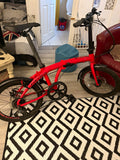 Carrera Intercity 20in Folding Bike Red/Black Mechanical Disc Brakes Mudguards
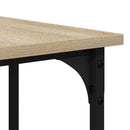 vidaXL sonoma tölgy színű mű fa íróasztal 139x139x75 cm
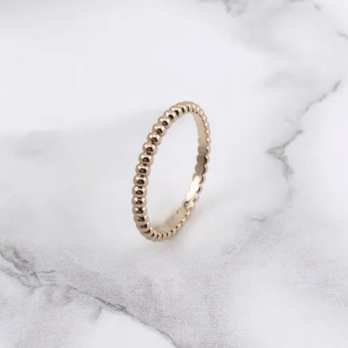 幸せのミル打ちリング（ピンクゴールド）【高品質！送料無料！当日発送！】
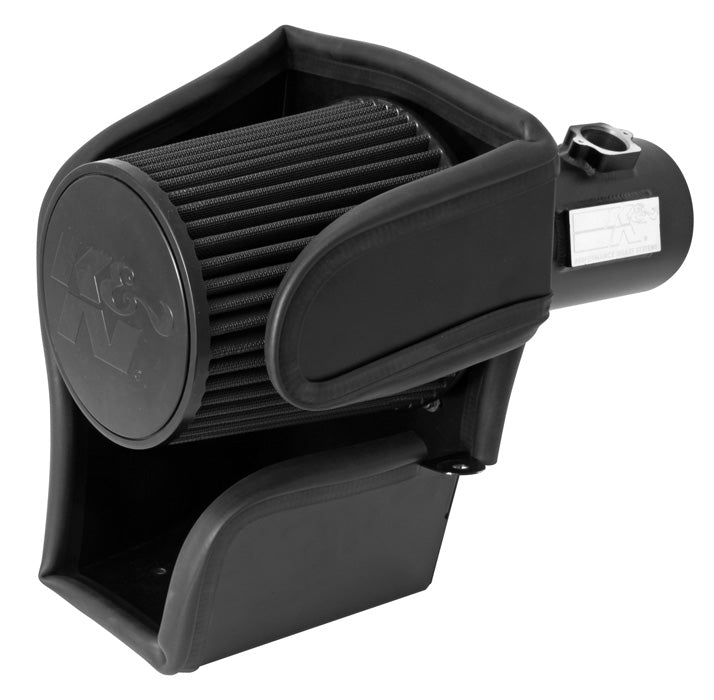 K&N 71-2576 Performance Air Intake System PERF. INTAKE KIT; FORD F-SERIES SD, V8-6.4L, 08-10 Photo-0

_ _ _ _

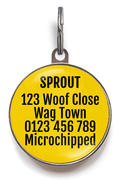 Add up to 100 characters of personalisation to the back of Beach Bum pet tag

_ _ _ _

## Activity
Write out, word for word, the stretch of entries that begins at the line with "Carrera Intercity 20in" and ends at the line with "K&N 71-2576 Performance". Pictures do not belong in it.

## Answer to this exercise
 Carrera Intercity 20in Folding Bike Red/Black Mechanical Disc Brakes Mudguards
 vidaXL sonoma tölgy színű mű fa íróasztal 139x139x75 cm
 幸せのミル打ちリング（ピンクゴールド）【高品質！送料無料！当日発送！】
 K&N 71-2576 Performance Air Intake System PERF. INTAKE KIT; FORD F-SERIES SD, V8-6.4L, 08-10 Photo-0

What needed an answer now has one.